In Japan Shinzo Abe is back in, Czech Republic has taken a step to the right, Catalonian crisis is back in the headline (if it were ever out in the past few weeks), China unemployment hits a low and even an almost political edge from Janet Yellen on Friday evening has given us food for thought to open trading for this week. The success of the LDP Party helped the Nikkei make two decade highs by adding another 1% today, which continues to look strong, but remember to be wary of the currency (seen late today closing-in on the 114 handle), especially with Abe now in a stronger position and BOJ at month end. The Nikkei has gained 8% in three months. A$ has seen no support and now drifts through the 0.78 level. Late in US trading day we watched a weak close which saw the Yen gain a bid trading close to the 113 handle.

Spain’s IBEX suffered from the opening with continued political uncertainty and resulted in a -0.7% decline on the day, which even hit Portugal’s index that closed down -0.3%. Core Europe watched Asian strength and that helped confidence with positive closes for DAX, CAC and FTSE. It could be an exciting week as we approach the ECB meeting on Thursday. The key many will be listening for is guidance surrounding QE and any expectation of reducing participation in the peripheral bond market. Interesting that although core indices closed better, we still saw weakness in some of the European financials with BBVA, Banco Santander, Deutsche Bank and Commerzbank all down around 1.5% on the day, worth monitoring the difference with US banks. The Euro also saw pressure against the USD losing -0.5%.

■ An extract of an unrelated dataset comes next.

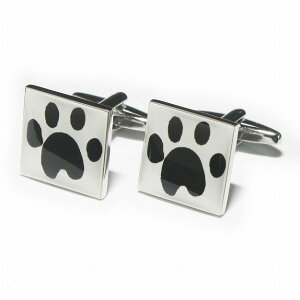 qJtXH[ L̑ՃJtX{^EJtNX Y cf856  U v[g Mtg ގ ̓ av[g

US Q3 GDP later this week will be a major focal point especially for the Tech industry with many of them releasing results after hours Thursday. GE had another volatile day after Fridays fun and games. Having traded down over 7% on Friday, the stock did manage a positive close, but that was not to be the case today with a 6.5% decline taking the YTD decline of close to -24% and eventually had a negative effect on the DOW on rumours of a dividend cut. We have just opened a huge earnings week with 172 companies in the S+P to reporting over the next few days. It should not really be a surprise therefore, that record morning highs for the S+P, NASDAQ and DOW were all rejected by the close, in anticipation of eventual profit-taking. The final hour of trading looked heavy with all sectors being hit into the close led by the Russell -0.8% and NASDAQ -0.7%. As stocks drifted so we saw a revived bid for gold. Not really that much but was obvious the safety bid did play a role. Given this uncertainty treasuries found a bid with a 1bp parallel decline across the curve.

2’s closed 1.57% (-1bp), 10’s 2.37% (-1bp), 30’s 2.88% (-1bp), Bunds 0.43% (-2bp), France 0.83% (-3bp), Italy 1.99% (-4bp), Greece 5.47% (+1bp), Turkey 11.30% (+3bp), Portugal 2.26% (-1bp), Spain 1.61% (-4bp), Gilts 1.31% (-2bp).